Credit where due to NPR regarding science data fraud, and here’s how they can do even better

Statistical Modeling, Causal Inference, and Social Science 2024-12-04

We associate NPR with uncritical promotion of junk science (etc etc etc) and the scientist-as-hero narrative (which I absolutely hate).

So we should give them credit when they do the right thing and introduce some skepticism into their reporting. A couple people pointed me to NPR story, Fabricated data in research about honesty. You can’t make this stuff up. Or, can you?, which featured these bits:

GUO: The company told us in a statement that they’d pulled the original data set they sent to Dan Ariely, and it looked dramatically different from the published data from Ariely’s experiment. The company said they’d only given Ariely data for about 3,700 insurance policies. But in Ariely’s paper, he claimed he had data for more than 13,000 policies. That’s a difference of almost 10,000.

FOUNTAIN: In their statement, the company told us, quote, “though some of the data in the published study data is originally sourced from our data, it is clear that the data was manipulated inappropriately and supplemented by synthesized or fabricated data.”

GUO: The company basically confirmed everything that Uri and the Data Colada people had said about Ariely’s numbers. And the company made it clear that whatever had gone wrong with the data set had gone wrong after they had already given it to Ariely.

FOUNTAIN: We shared parts of the insurance company statement with Ariely, and he responded in an emailed statement, quote, “as I said two years ago, I was responsible for the relationship with the insurance company that provided the data for the paper. I got the data file from the insurance company in about 2007, and I can’t tell now who had access to it. Getting the data file was the extent of my involvement with the data.”
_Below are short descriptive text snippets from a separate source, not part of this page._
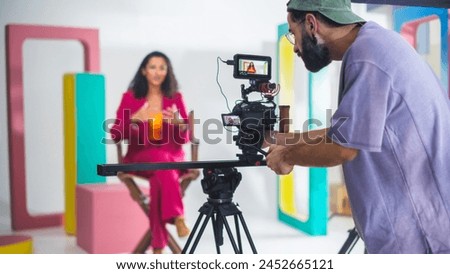 Young Male Cinematographer With Beard, Wearing Cap, Records Vibrant Female Host In Pink Suit During Lively Talk Show Set With Colorful Geometric Shapes, Enhancing Modern Video Production, Storytelling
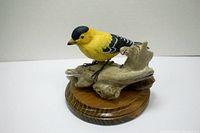 Side view of gold finch bird sculpture perched on branch with wooden base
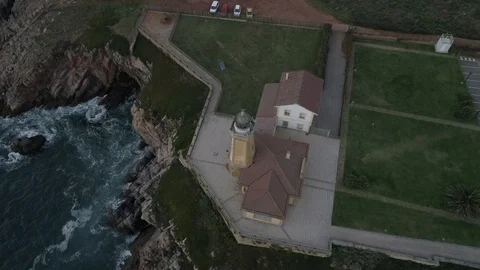Lighthouse drone view during sunset in Asturias, Spain Stock Footage 111980399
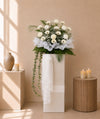 Peace in White Condolences Flower Stand with white gerberas, papermums and baby's breath, front view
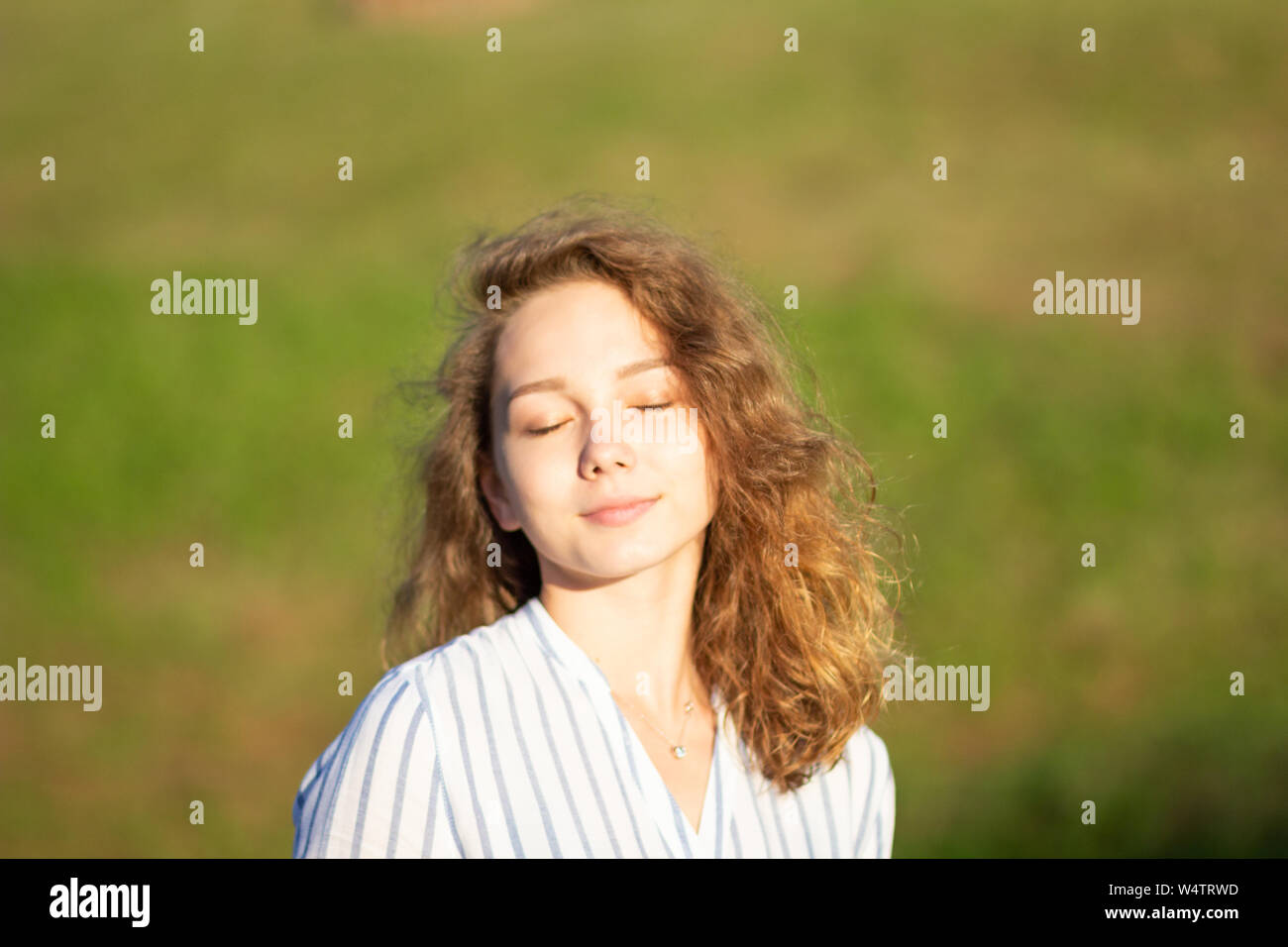 Portrait of beautiful young woman with closed eyes in the summer park ...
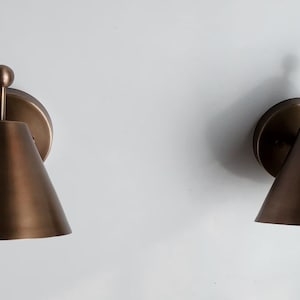 A Coordinated Pair of Handcrafted Brass Wall Lamps Is Shown from A Three Quarter Angle, Revealing the Finial Details, Round Canopies, and Classic Proportions. Each Fixture Measures 8 Inches High and 7 Inches Wide, Creating an Elegant Traditional Wall Lighting Arrangement, Frost Lights.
FOUNTAIN: But Michael says the problem with all these fake studies is bigger than the feelings of a bunch of academics like him. In Guatemala, there was this big investment. Hundreds of thousands of people were put through this experiment that was never going to work.

SANDERS: All of that time and money could have been spent on something different, a different intervention with a better chance of working if we’d known, right? This is not a petty, academic squabble about he said, she said. This is – like, this has real impact in the real world. So I’m pissed off about that. I’m also pissed off by how stupid it is. So when you see, like, eminent Harvard professor has committed research fraud, what you want is really sophisticated, clever ways of cheating, not, oh, I thought I’d copy and paste these observations ’cause they were higher, and that’ll make my result come together. This is dumb. And that annoys me. But it’s also a source of terror because that means there’ll be people out there who have cheated in a really sophisticated way who we haven’t caught and who we may never catch.

I agree with my correspondent that it’s good that they discuss the fraud and also the consequences of it.

Just one thing . . .

Two things, actually.

First, it’s great to see NPR doing some critical reporting on science hype. I’d also like to see them go back and address their past credulity in this area.

I think that one reason for the spectacular success of junk science in recent decades has been its promotion and endorsement by trusted news outlets such as NPR. So, once they realize they’ve been snookered, it would be good for them to address that: to forthrightly say in their story that, yes, they, NPR, had been promoting this junk science for years, and to consider what that implies about their science reporting more generally.

We can learn a lot from our mistakes, but only if we first face up to them.

Second, yes, science fraud is horrible, but there’s tons and tons of junk science that’s not fraud, it’s just bad work, in the sense of making strong claims that are not supported by the data. Himmicanes, air rage, ages ending in 9, etc etc etc. Some of this work (for example, the claim that beautiful parents are 36% more likely to have girls, or the claim that women were 20% were more likely to support Barack Obama during certain times of the month) were ridiculous on their face; other claims were internally inconsistent (for example, the paper with the voodoo dolls that described a three-day study as “long-term”); others had some surface plausibility but disintegrated under careful investigation.

My point is: Yes, let’s shine the light on science fraud. But don’t think that, just cos some highly promoted bit research is not fraudulent, that it should be taken at face value.

You’ve taken the first step, NPR. Don’t stop there!